The detection result is as follows:

==14924 = Memcheck, a memory error detector
= 14924 = Copyright (C) 2002-2013, and gnu gpl 'd, by Julian Seward et al.
= 14924 = Using Valgrind-3.10.1 and LibVEX; rerun with-h for copyright info
= 14924 = Command:./test
= 14924 =
Already alloc for Test: m_pSZ!
= 14924 =
==14924 === heap summary:
= 14924 = in use at exit: 16 bytes in 1 blocks
= 14924 = total heap usage: 1 allocs, 0 frees, 16 bytes allocated
= 14924 =
= 14924 = 16 bytes in 1 blocks are still reachable in loss record 1 of 1
= 14924 = at 0x402ACDB: operator new [] (unsigned int) (vg_replace_malloc.c: 383)
= 14924 = by 0x80486EE: testAlloc () (test. cpp: 13)
= 14924 = by 0x8048703: main (test. cpp: 18)
= 14924 =
= 14924 = leak summary:
= 14924 = definitely lost: 0 bytes in 0 blocks
==14924 = indirectly lost: 0 bytes in 0 blocks
==14924 = possibly lost: 0 bytes in 0 blocks
= 14924 = still reachable: 16 bytes in 1 blocks
= 14924 = suppressed: 0 bytes in 0 blocks
= 14924 =
= 14924 = For counts of detected and suppressed errors, rerun with:-v
= 14924 = error summary: 0 errors from 0 contexts (suppressed: 0 from 0)

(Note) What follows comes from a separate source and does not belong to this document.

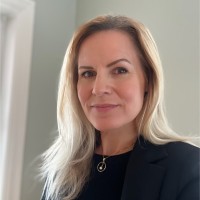 Marita Grøtter Raaholt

According to the above results, there are still leaks. The leak type belongs to "still reachable". For such leaks, I checked them online:

Memory leakage can be divided into two types:
One is that the program has a pointer to the memory applied through malloc or new, but it has not been withdrawn before the program ends. If the memory is continuously increased, the memory may be exhausted. However, after the program ends, the system automatically recycles the memory.
Another is the memory applied through malloc or new, but there is no pointer in the program to the requested memory. The program has been running, causing more and more leaked memory, which may exhaust the heap memory of the program.

In the valgrind Report, the first memory leakage is represented as "still reachable ".
For memory leakage in the second case, the valgrind report indicates "Directly lost and Indirectly lost"
In addition, for the "possibly lost" in the valgrind report, the pointer does not point to the beginning of the application heap. For example, the c ++ string has the memory pool concept. If the program uses a string and exits abnormally (for example, use the ctrl + c shortcut to terminate the Program), "possibly lost" is reported ".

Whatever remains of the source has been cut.